# The records
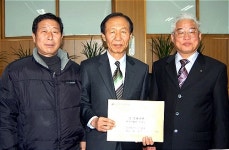 남광다이스 공업사, 환경미화원들을 위한 격려금 전달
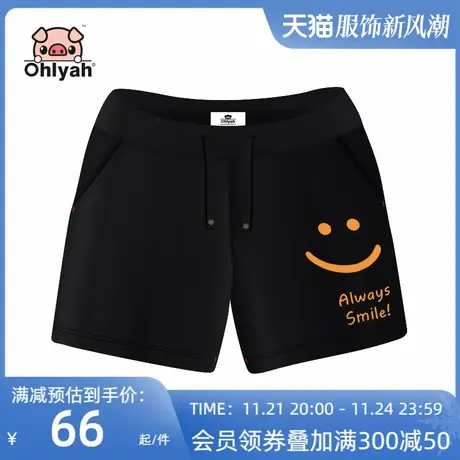 黑色休闲韩版女士短裤子夏装宽松运动卫衣裤大码笑脸印花学生裤子商品大图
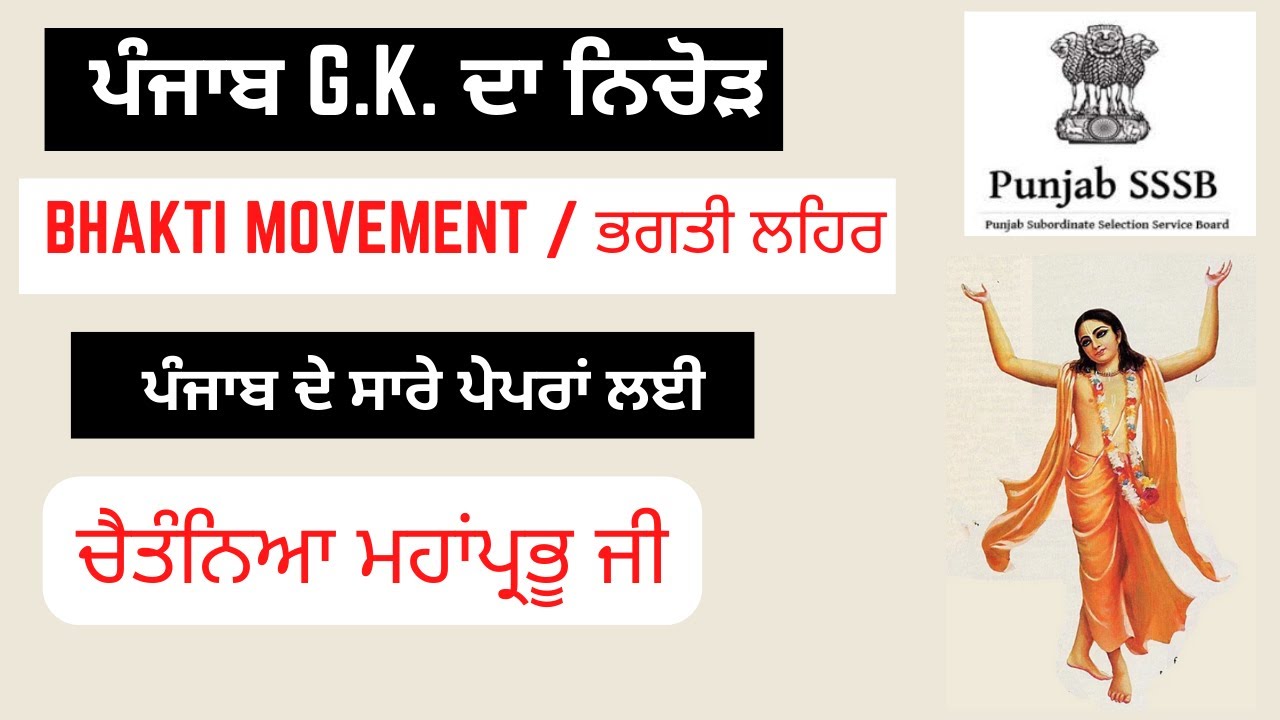 Class 21: Bhakti Movement  - ਚੈਤੰਨਿਆ ਮਹਾਂਪ੍ਰਭੂ  ਜੀ- ਇਹ Topic  ਕਿਸੇ ਕਿਤਾਬ ਵਿਚੋਂ ਨਹੀ ਮਿਲਣਾ ਤਾਹਨੂੰ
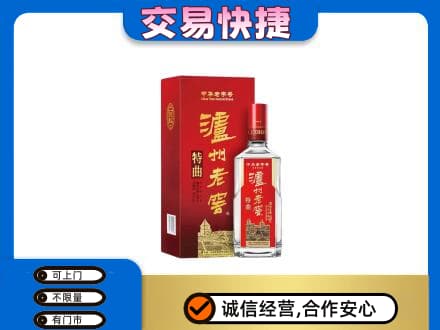 喀什地区疏勒县名酒回收泸州老窖.jpg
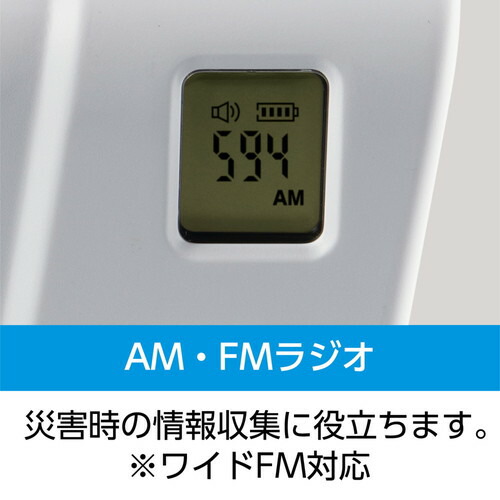 手回しワンセグTVラジオ KR-013AWFTE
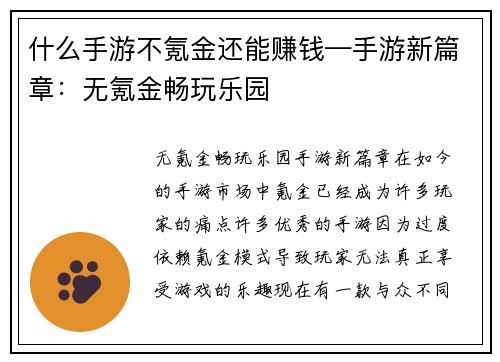 什么手游不氪金还能赚钱—手游新篇章：无氪金畅玩乐园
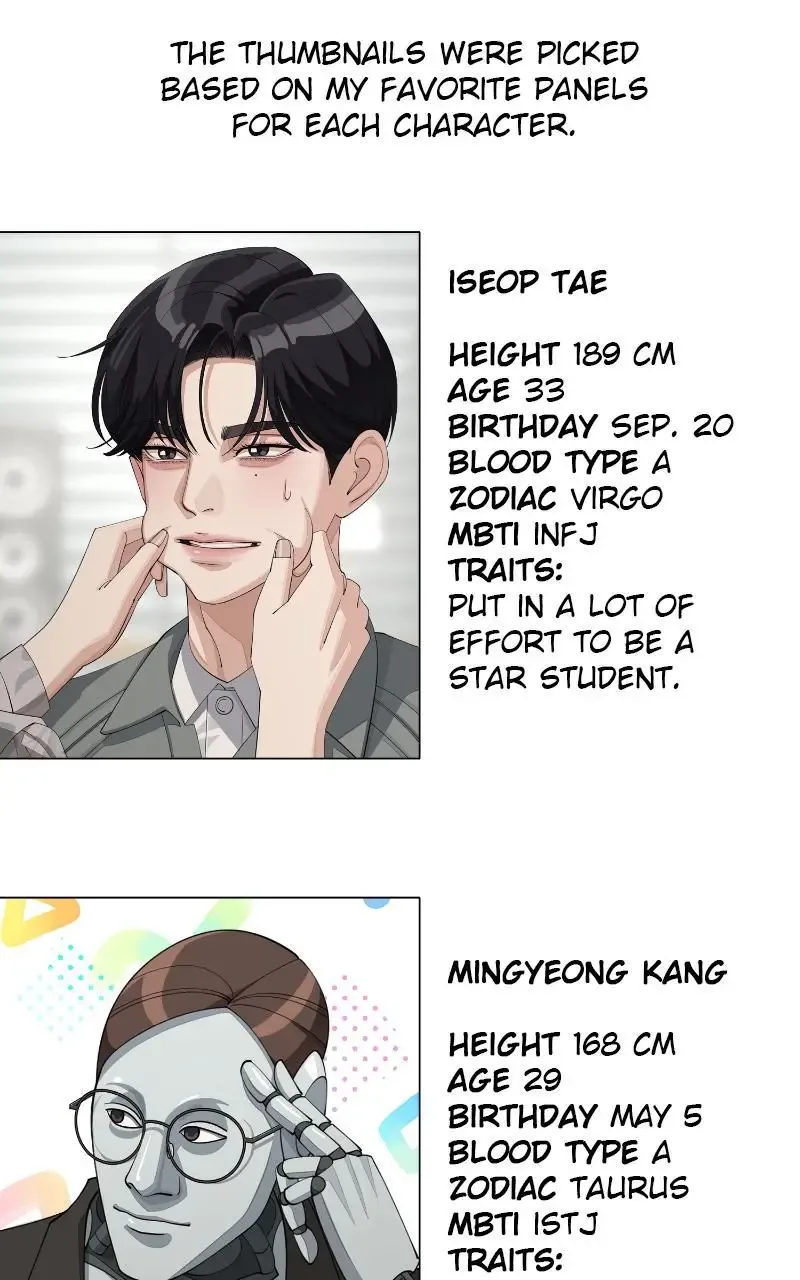 Iseop's Romance Chapter 55.5 page 69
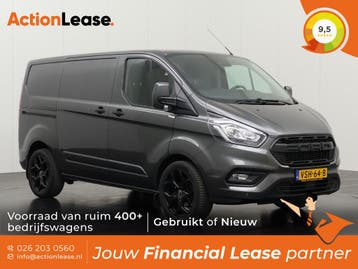 Ford Transit Custom Bestelbus L1 H1 2018 Diesel, Auto's, Ford, Nieuw, Zilver of Grijs, Transit, Te koop
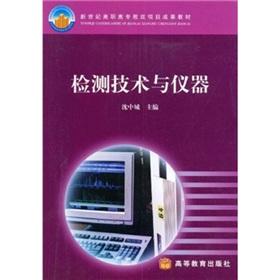 Immagine del venditore per New Century teaching vocational education reform project results: detection technology and instrument(Chinese Edition) venduto da liu xing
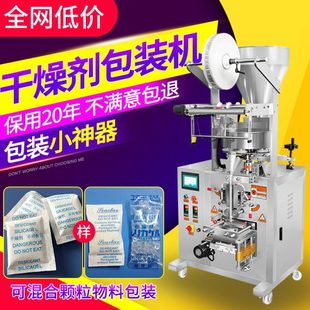 机 干燥剂包装 机全自动立式 包装 机无纺布颗粒活性炭脱氧剂定量包装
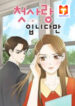 It is my First Love 1
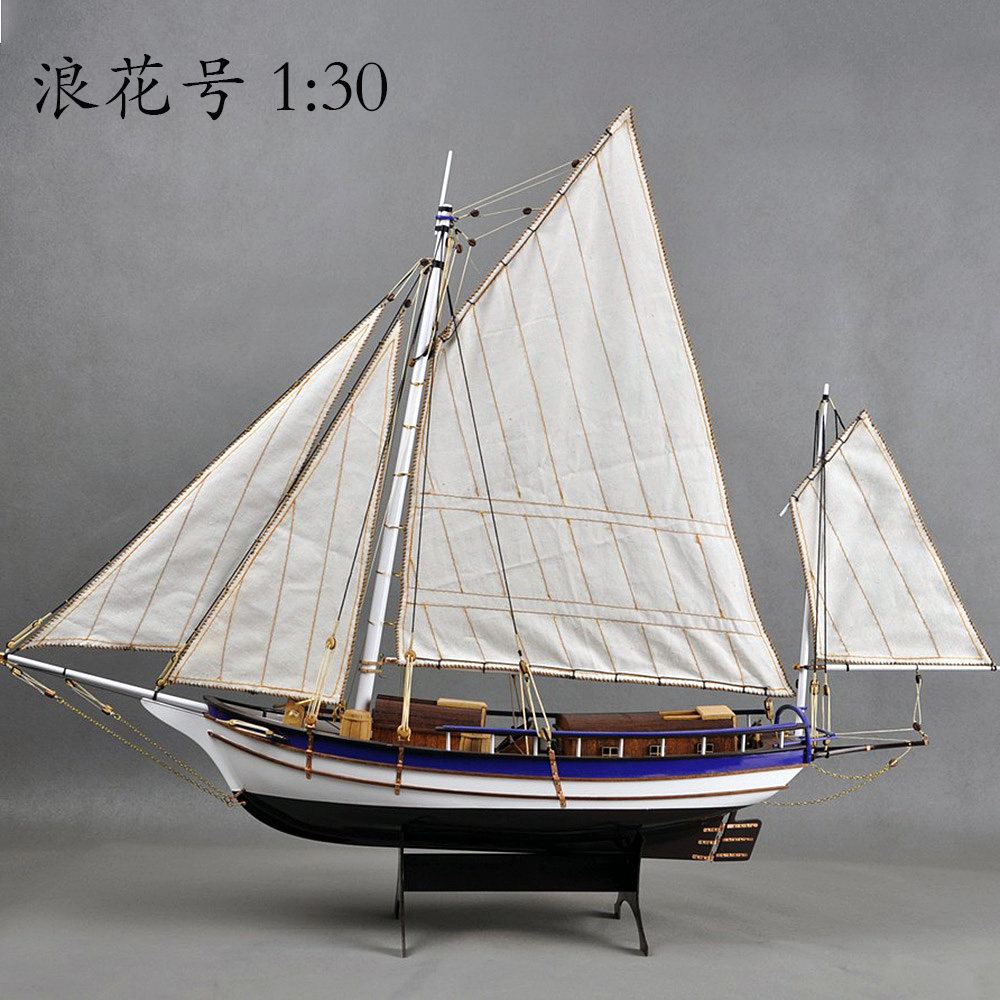 波士顿·浪花号1:30帆船模套件diy手工木质欧式帆船模型拼装套材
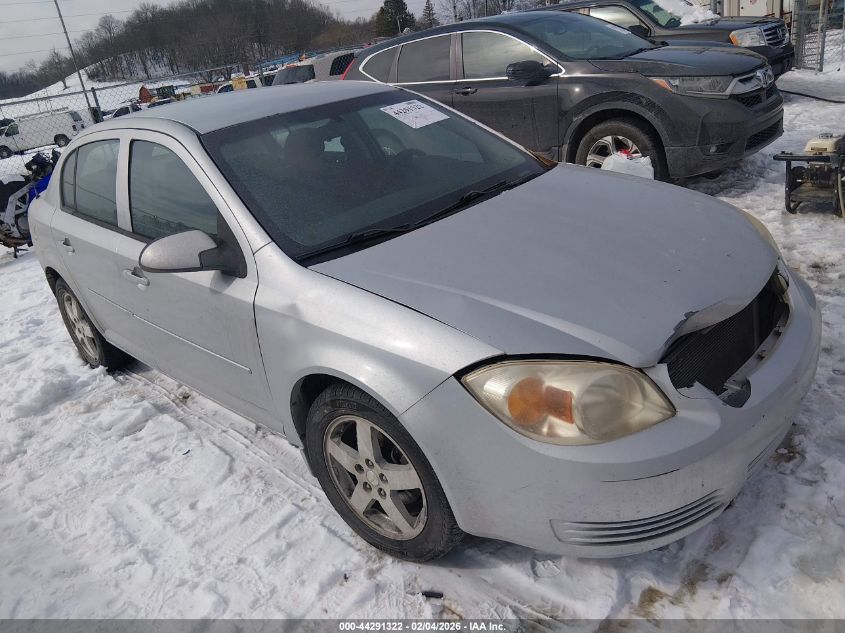 2010 Chevrolet Cobalt Lt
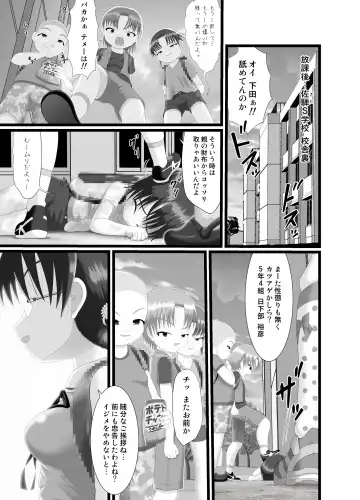 [Kuloamaki] Kichiku Iinchou Hayana-sama wa... - Satanic class president Hayana is... Fhentai - Page 5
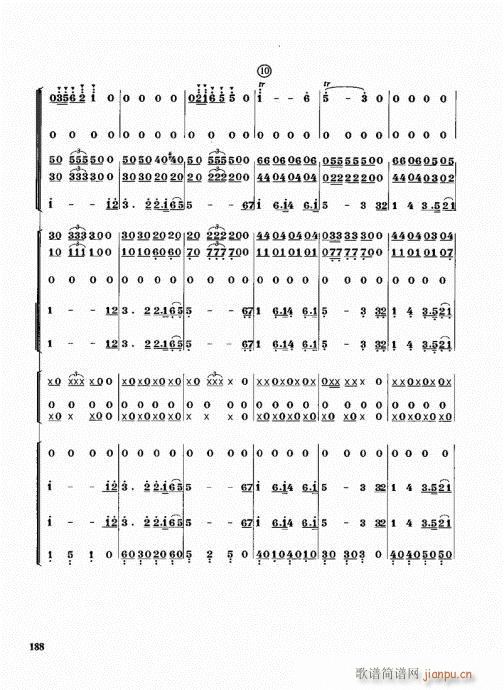 管乐队编配教程181-200(十字及以上)8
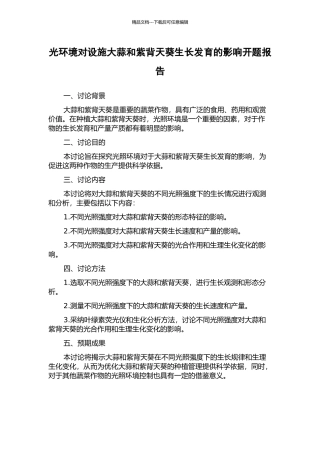 光环境对设施大蒜和紫背天葵生长发育的影响开题报告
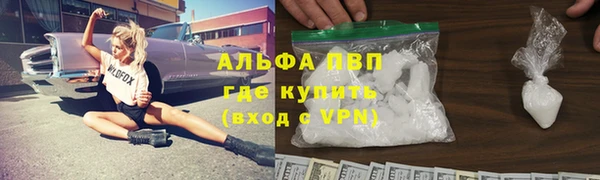 дурь Медвежьегорск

# Your assignment
Find the line containing "什么手游不氪金还能赚钱—手游新篇章：无氪金畅玩乐园" and copy it and each line after it through the end of the material, exactly, with no pictures.

# Result
 什么手游不氪金还能赚钱—手游新篇章：无氪金畅玩乐园
 Iseop's Romance Chapter 55.5 page 69
 Ford Transit Custom Bestelbus L1 H1 2018 Diesel, Auto's, Ford, Nieuw, Zilver of Grijs, Transit, Te koop
 Immagine del venditore per New Century teaching vocational education reform project results: detection technology and instrument(Chinese Edition) venduto da liu xing
 机 干燥剂包装 机全自动立式 包装 机无纺布颗粒活性炭脱氧剂定量包装
 It is my First Love 1
 波士顿·浪花号1:30帆船模套件diy手工木质欧式帆船模型拼装套材
 2010 Chevrolet Cobalt Lt
 [Kuloamaki] Kichiku Iinchou Hayana-sama wa... - Satanic class president Hayana is... Fhentai - Page 5
 管乐队编配教程181-200(十字及以上)8
 光环境对设施大蒜和紫背天葵生长发育的影响开题报告
 дурь Медвежьегорск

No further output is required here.